## Exercise description
Take the data below and extract the lines from the one with "Master Athletics Training Paddle" to the one with "Violet leather background N2", inclusive, exactly as written.

*** Dataset extract Section Begins ***

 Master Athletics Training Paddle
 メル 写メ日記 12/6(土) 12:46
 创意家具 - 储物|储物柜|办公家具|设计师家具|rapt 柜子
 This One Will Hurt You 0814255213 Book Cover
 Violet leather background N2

*** Dataset extract Section Ends ***
*** Dataset extract Section Begins ***

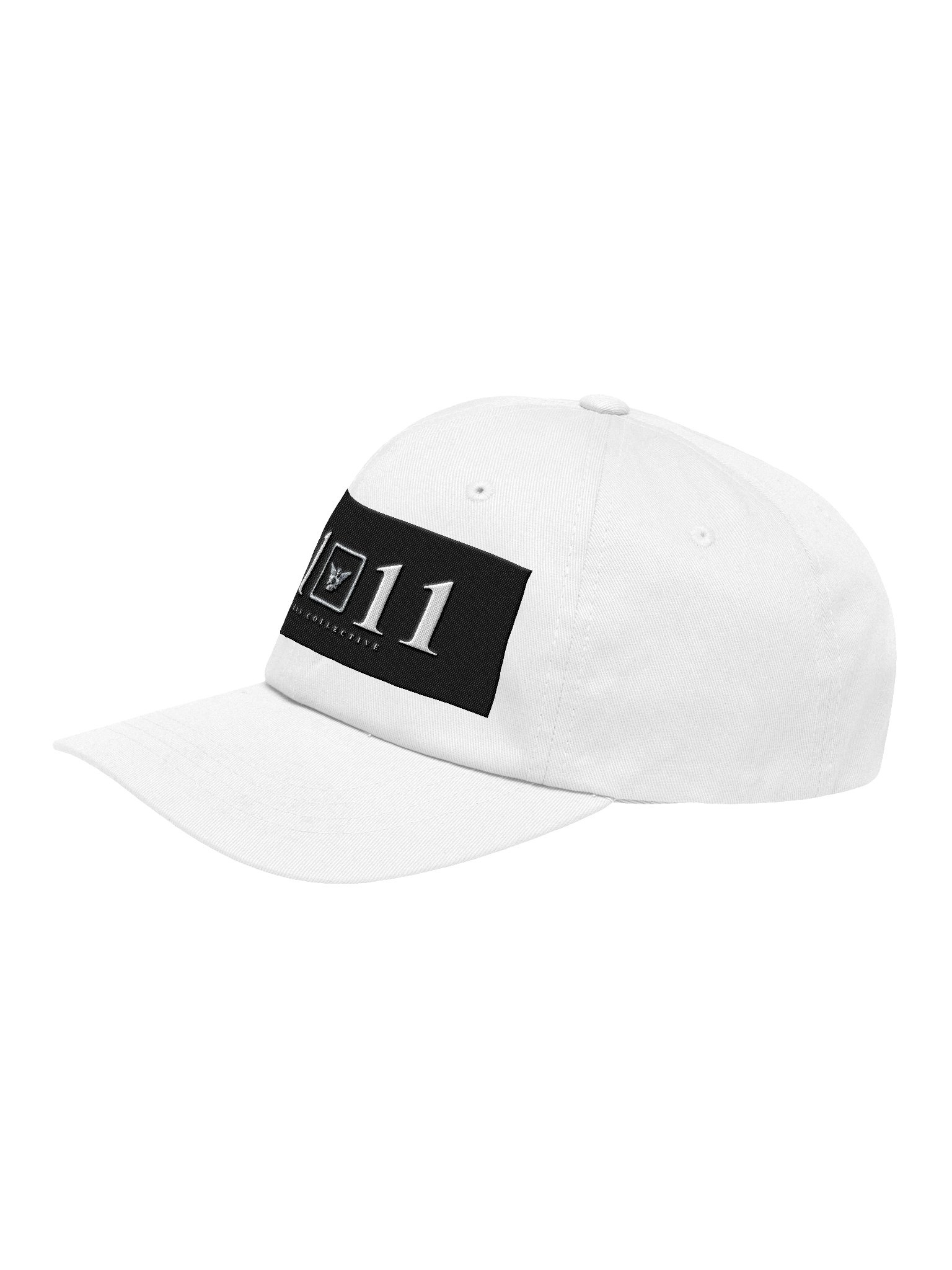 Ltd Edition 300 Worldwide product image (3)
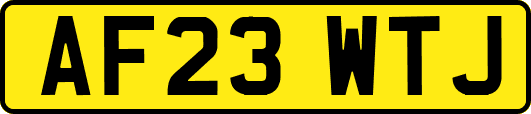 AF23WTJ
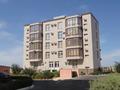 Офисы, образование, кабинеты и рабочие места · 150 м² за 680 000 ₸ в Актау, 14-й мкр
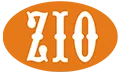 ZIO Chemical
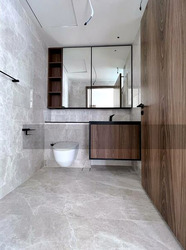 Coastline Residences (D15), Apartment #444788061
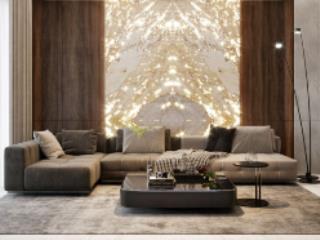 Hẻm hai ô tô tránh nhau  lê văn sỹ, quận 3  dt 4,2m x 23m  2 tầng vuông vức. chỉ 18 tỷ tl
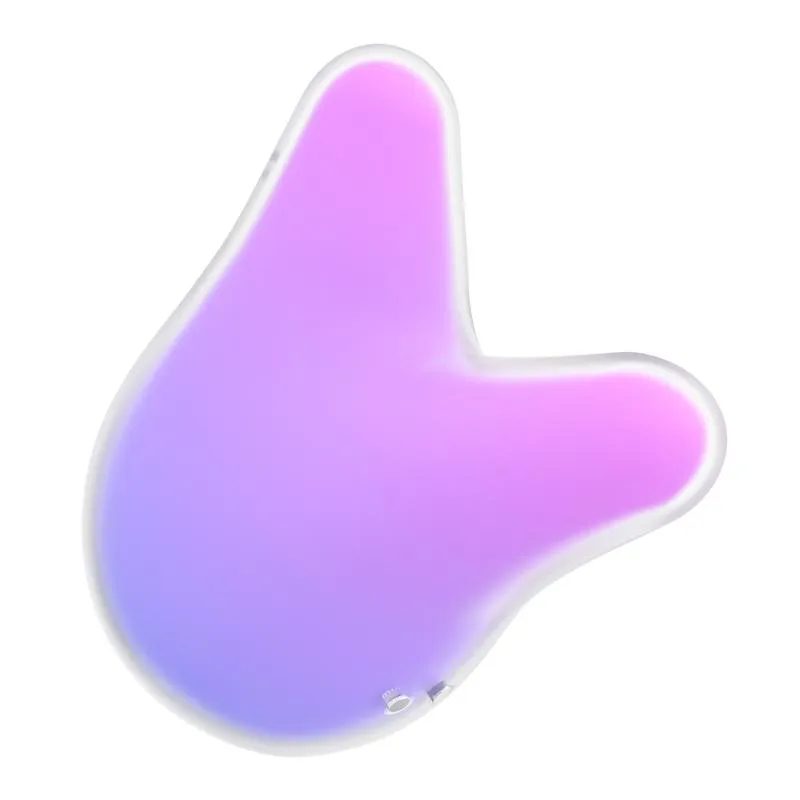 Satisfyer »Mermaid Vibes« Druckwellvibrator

*** Dataset extract Section Ends ***

## Written solution
 Master Athletics Training Paddle
 メル 写メ日記 12/6(土) 12:46
 创意家具 - 储物|储物柜|办公家具|设计师家具|rapt 柜子
 This One Will Hurt You 0814255213 Book Cover
 Violet leather background N2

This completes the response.